The advantage of a magneto ignition is simplicity. Everything is contained in one unit, with no need for a seperate electrical system. In the early days of VW aeroengines, a lot of agricultural and industrial engines used magnetos, so the early conversions, including the plans sold to this day, used them. Nowadays, it is virtually unheard of for commonly used engines to use seperate magnetos, and they are consequently rather scarce. Plus, they were often quite heavy. They were typically driven from the flywheel end of the engine, via gears or chains, or sometimes a direct coupling. The Ardem, Peacock, RSA and Falconar conversions are typical of this type.
Early US conversions used this type of mag, but they also used various brands of magnetos that plugged into the existing distributor hole. Vertex still makes this type of mag. This can lead to a rather awkward looking installation, as the magneto is taller, wider and heavier than the stock distrubutor, and leads to a "beauty bump" in the cowling of an enclosed engine.
Revmaster seems to have been the first to market an engine with a true aircraft magneto, initially a Bendix unit with two magnetos from a single drive, which was mounted to the flywheel end of the crank via a seperate accessory case which also included a permanent magnet alternator. Competing accessory cases from Diehl and HAPI followed this pattern, but used smaller and lighter Slick single magnetos, and this has become the most prevalent form of magneto ignition. Great Plains makes a very light magneto mount without an accessory case or alternator that is a fine setup for the lightest, simplest, hand-prop applications.

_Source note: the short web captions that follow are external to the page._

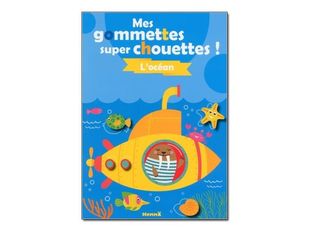 L'océan - Mes Gommettes Super Chouettes! - livre à colorier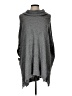 Eight Eight Eight 100% Cotton Gray Poncho Size L - photo 1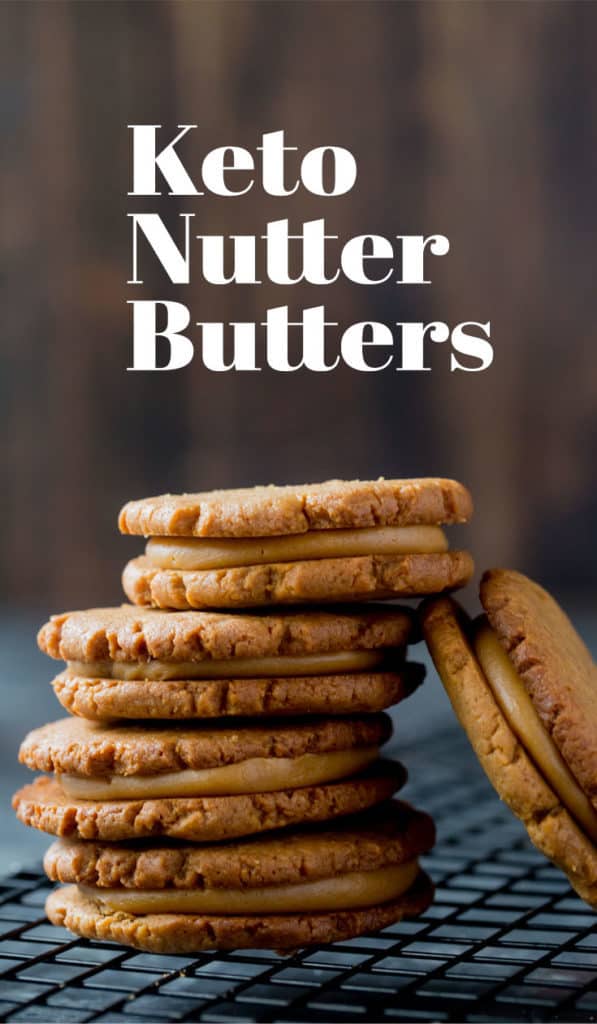 Our Keto Peanut Butter Cookies are the perfect low carb replacement for nutter butters and great for packing in your kids lunch boxes!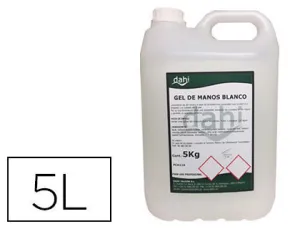 GEL DE MANOS DAHI BLANCO NACAR ADO GARRAFA DE 5 LITROS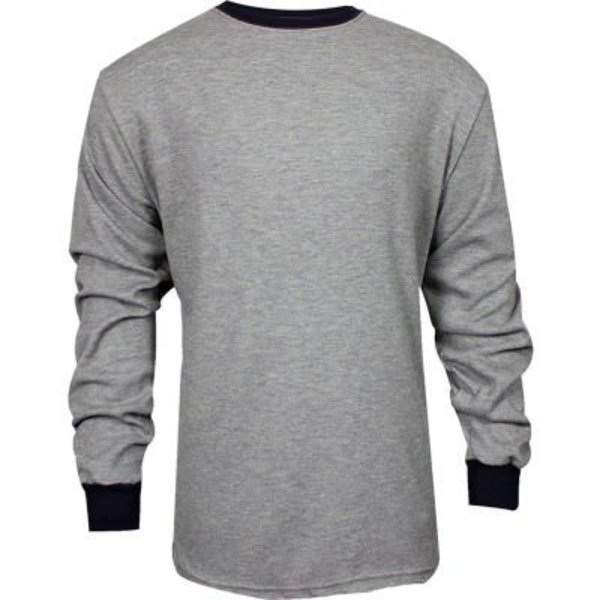 TECGEN CC Flame Resistant Long Sleeve T-Shirt, 2XL, Gray, C541NGELS2XL, National Safety Apparel, Mfr#: C541NGELS2X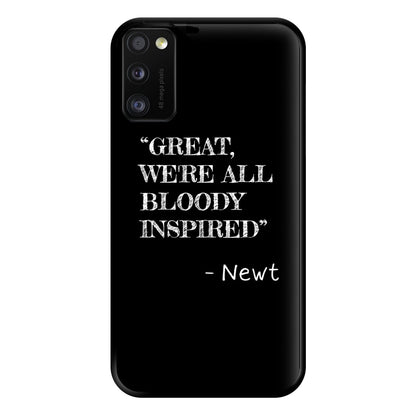 Great, We're All Bloody Inspired - Newt Phone Case for Galaxy A41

Magneto ignitions are relatively trouble free, are familar to most pilots and mechanics, but require the use of shielded aircraft plugs (or special adapters), and the harnesses and the mags themselves are relatively expensive. The spark energy also tends to be a little low, and rather narrow gaps must thus be used, which increases the possibilty of fouling when compared to other systems.

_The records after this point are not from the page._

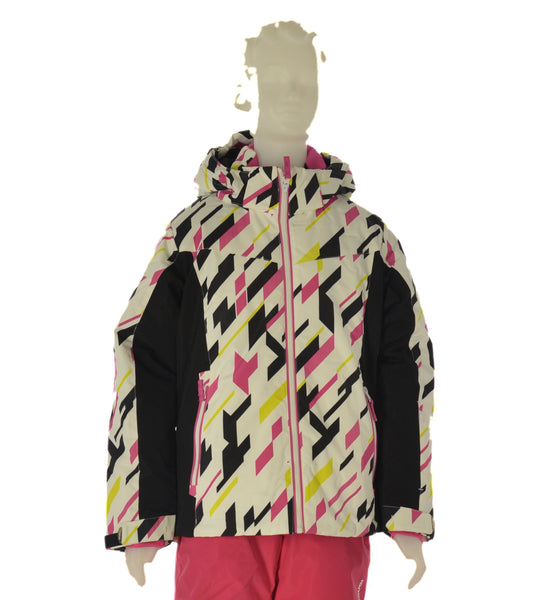 GIACCA SCI RAGAZZA ZIP CAPPUCCIO IMPERMEABILE TRASPIRANTE IDROREPELLENTE ANTIVENTO MARCA BRUGI ART. J319T48H.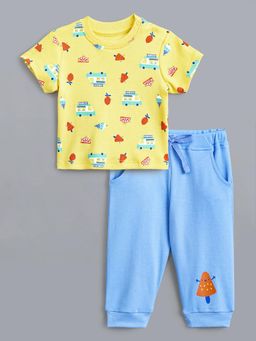 Hopscotch - Vehicle Cotton Pant With T-Shirt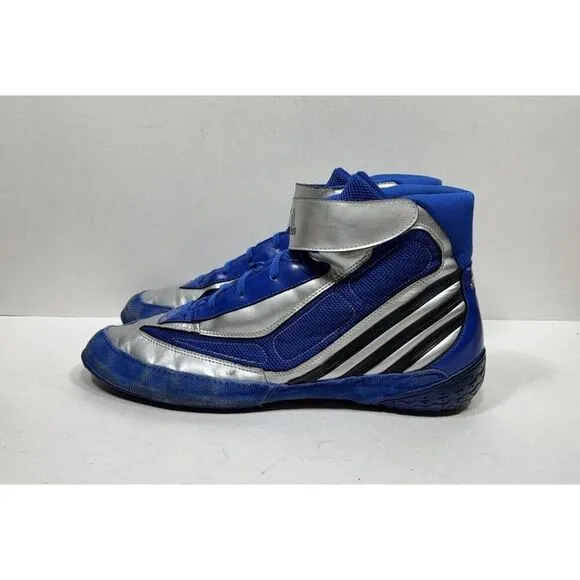 Adidas Tyrint V G03723 Men's US 14 Blue Leather Lace Up Boxing Wrestling Shoes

Stock Distributor/Coil Edit
The advent of the accessory case/alternator made attractive a cheap solution to the ignition problem: use the stock system. A Bosch 009 distributor, with purely centrifugal advance (other VW distributors have vacuum advance/retard, and are less suitable), and a "Blue Coil" were fitted to a great many of the early Monnett conversions - John Monnett was a great advocate of this system, and Steve Bennet of Great Plains likes it a lot as well. A cap with the leads exiting 90 degrees from the axis of the distributor is available to make a somewhat cleaner installation. This is still a viable plan, particularly with modern points replacements. This and all the following systems require some sort of electrical system in addition to the ignition components.
Stock Distributor/CDI Edit
Taking this plan on step further, using a transistor controlled capacitor instead of the properties of the coils inductance to discharge the ignition, this scheme provides a hotter spark, at the expense of some cost, complexity, and current draw.

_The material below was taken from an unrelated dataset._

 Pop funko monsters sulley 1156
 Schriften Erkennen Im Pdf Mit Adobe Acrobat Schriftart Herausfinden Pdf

Distributorless Electronic Ignitions Edit
The latest evolution, usually a "Waste Spark" systems that discharge two cylinders at a time. The Compufire DIS-X is the most popular VW system. The Leburg ignition is specially designed for dual ignition aviation applications. Revmaster now uses this type of system, as does AeroVee. All solid state, multiple coils, they provide a certain degree of redundancy, high reliability, and low maintenance.